→ **Directions for this task**
Make an exact copy, from the records below, of the lines from the line containing "Ice and bubbles on Frozen lake Sils" to the line containing "Demi-parure set consisting", both lines included, excluding pictures.

→ **Available data**
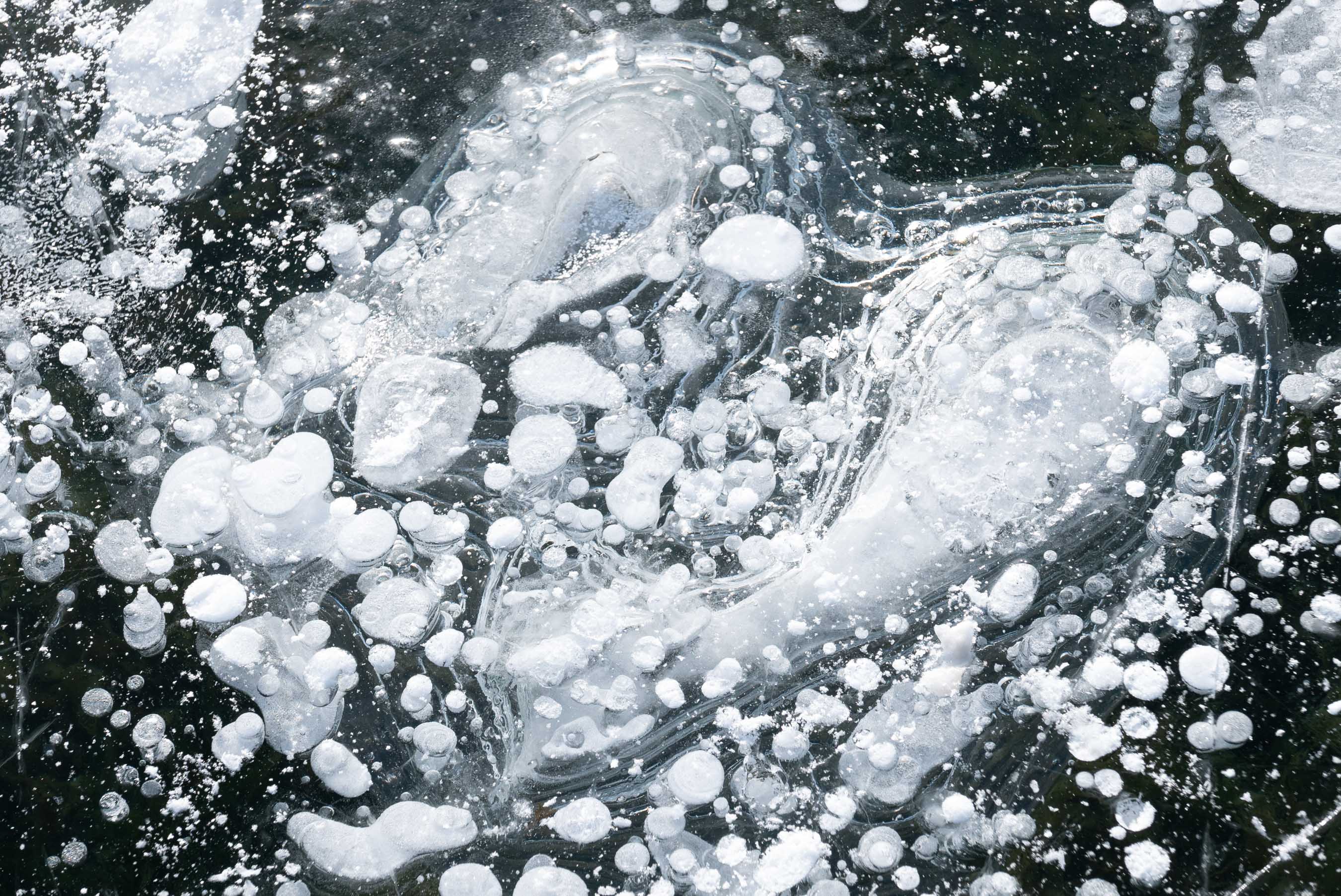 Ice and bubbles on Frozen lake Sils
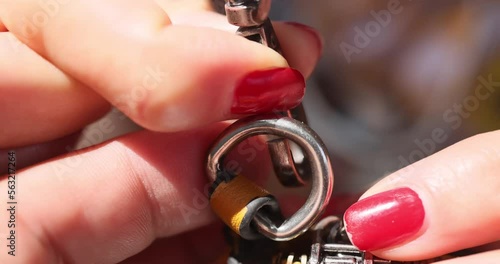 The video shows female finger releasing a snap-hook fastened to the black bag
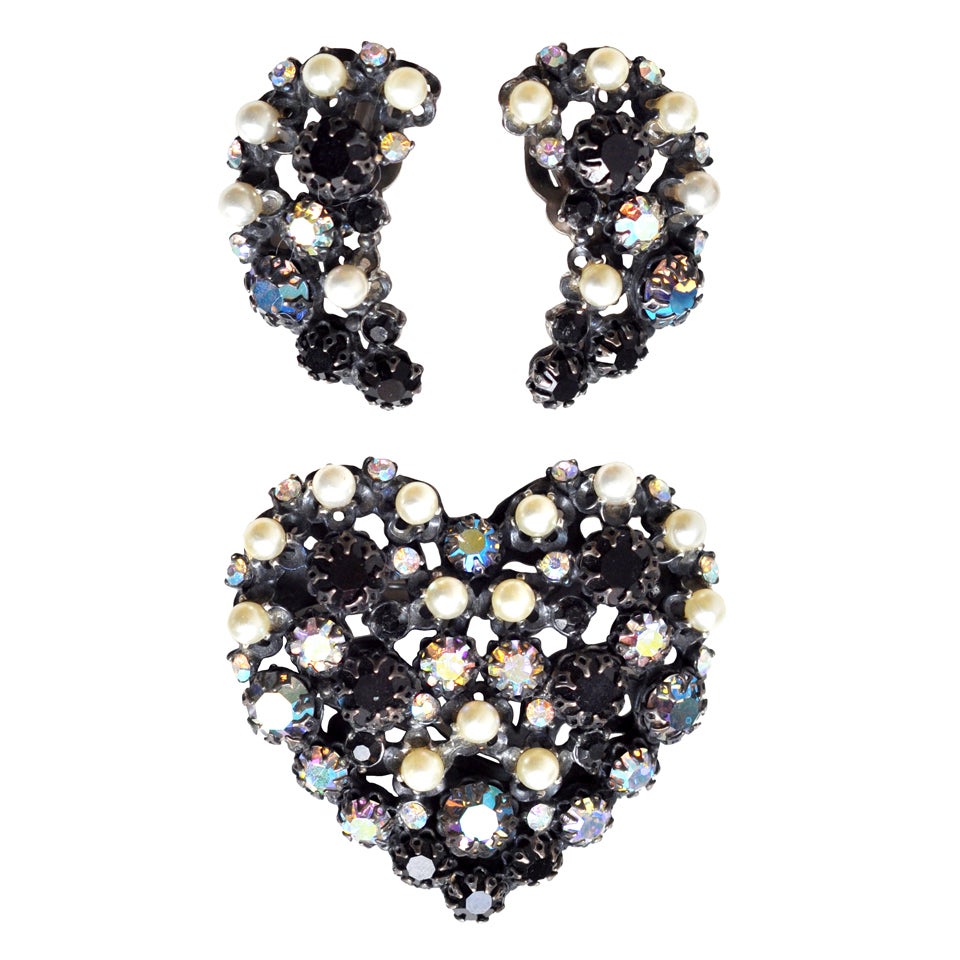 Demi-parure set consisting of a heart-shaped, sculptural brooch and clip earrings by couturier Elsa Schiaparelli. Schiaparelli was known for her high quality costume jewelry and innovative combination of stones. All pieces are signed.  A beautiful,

...

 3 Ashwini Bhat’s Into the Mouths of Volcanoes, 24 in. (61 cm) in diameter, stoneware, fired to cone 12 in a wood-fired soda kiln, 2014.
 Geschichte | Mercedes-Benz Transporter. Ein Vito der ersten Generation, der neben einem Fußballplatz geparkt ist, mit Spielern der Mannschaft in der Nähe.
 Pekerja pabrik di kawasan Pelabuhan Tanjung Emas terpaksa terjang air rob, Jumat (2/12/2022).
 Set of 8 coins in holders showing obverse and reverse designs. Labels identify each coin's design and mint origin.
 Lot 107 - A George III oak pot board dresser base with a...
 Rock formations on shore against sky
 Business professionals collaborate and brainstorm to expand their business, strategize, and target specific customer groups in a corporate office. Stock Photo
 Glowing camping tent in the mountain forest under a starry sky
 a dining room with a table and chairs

→ **Response to this exercise**
 Ice and bubbles on Frozen lake Sils
 The video shows female finger releasing a snap-hook fastened to the black bag
 Demi-parure set consisting of a heart-shaped, sculptural brooch and clip earrings by couturier Elsa Schiaparelli. Schiaparelli was known for her high quality costume jewelry and innovative combination of stones. All pieces are signed.  A beautiful,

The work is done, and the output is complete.